Frankenstein is written in the mode of the epistolary novel, a form
popularized in the eighteenth century by Samuel Richardson in his novels
Pamela (1741) and
Clarissa (1748) and
expanded across class and social demarcations by Tobias Smollett in The
Expedition of Humphrey Clinker. By the nineteenth century the
epistolary form was something of an antique, its dynamics having largely
been subsumed by other first-person narrative modes that allowed their
authors greater flexibility. Mary Shelley's novel, which overtly
advertises its modernity in a subtitle, is curiously, then, the last major
example of the form in English fiction. The epistolary mode inherently
stresses communication and process, major thematic concerns of the novel,
and it accentuates a reliance on a variety of self-conscious narrators who
are not easily subject to interrogation by one another nor the reader.

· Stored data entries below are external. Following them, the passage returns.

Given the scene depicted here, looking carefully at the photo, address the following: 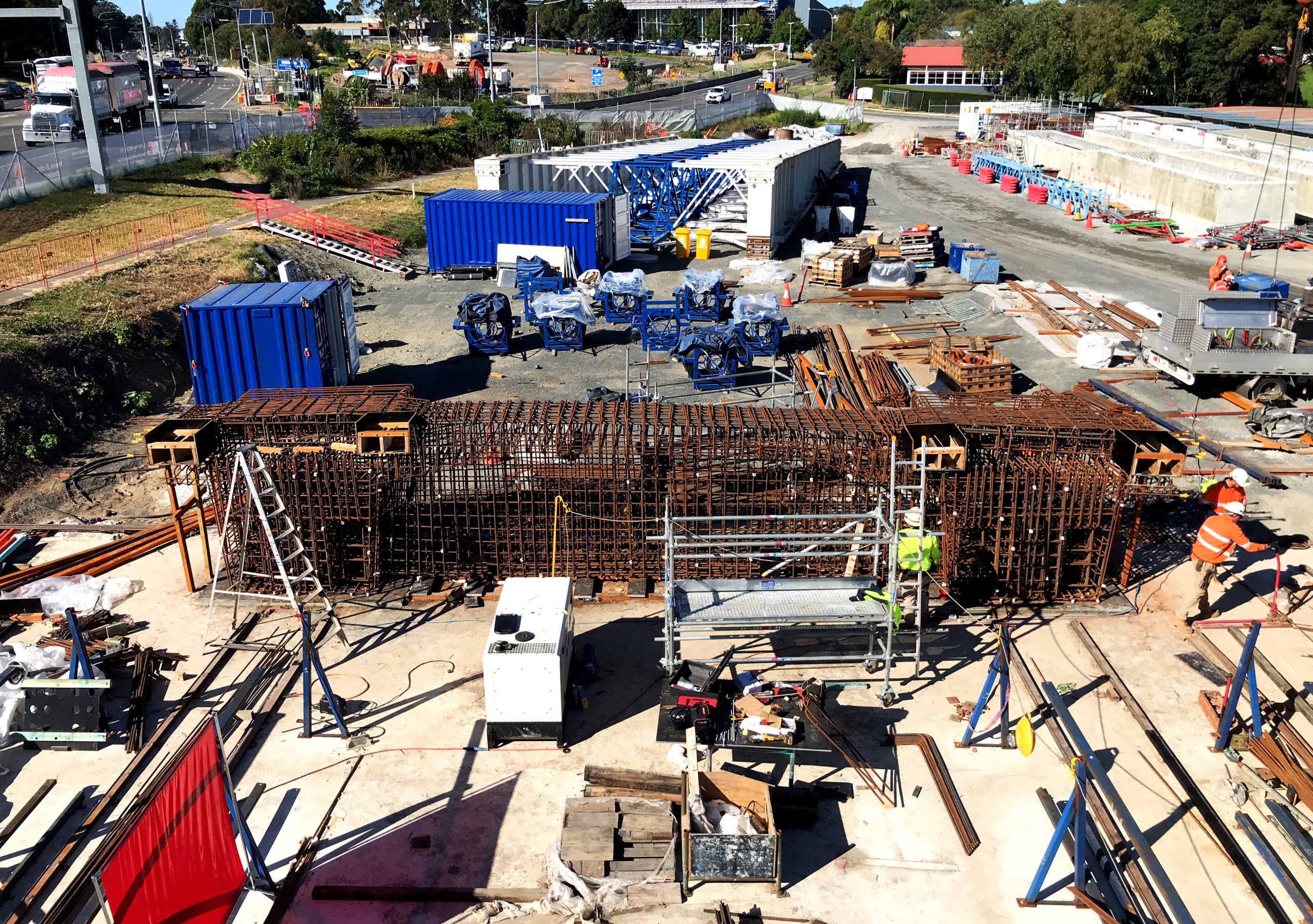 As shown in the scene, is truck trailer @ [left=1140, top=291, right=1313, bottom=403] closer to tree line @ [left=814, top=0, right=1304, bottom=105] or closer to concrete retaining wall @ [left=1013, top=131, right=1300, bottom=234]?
concrete retaining wall @ [left=1013, top=131, right=1300, bottom=234]

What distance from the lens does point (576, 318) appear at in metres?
25.4

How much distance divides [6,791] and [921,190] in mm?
49910

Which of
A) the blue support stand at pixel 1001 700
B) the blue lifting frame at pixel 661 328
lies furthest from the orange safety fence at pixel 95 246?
the blue support stand at pixel 1001 700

Mary Shelley's stress on individual perspective and on its resulting
narrative indeterminacy are conspicuous features of her novel.
It is interesting to contemplate the fact that a principal account of
William Parry's Arctic expedition of 1819, Letters Written during the Late Voyage
of Discovery in the Western Arctic Sea (1821), is also couched in an
epistolary form. This might indicate some of the same thematic
associations, structurally speaking, that the form held for Mary Shelley,
or, more immediately, it could reveal her sudden and striking influence on
subsequent travel narratives into inaccessible reaches of the globe.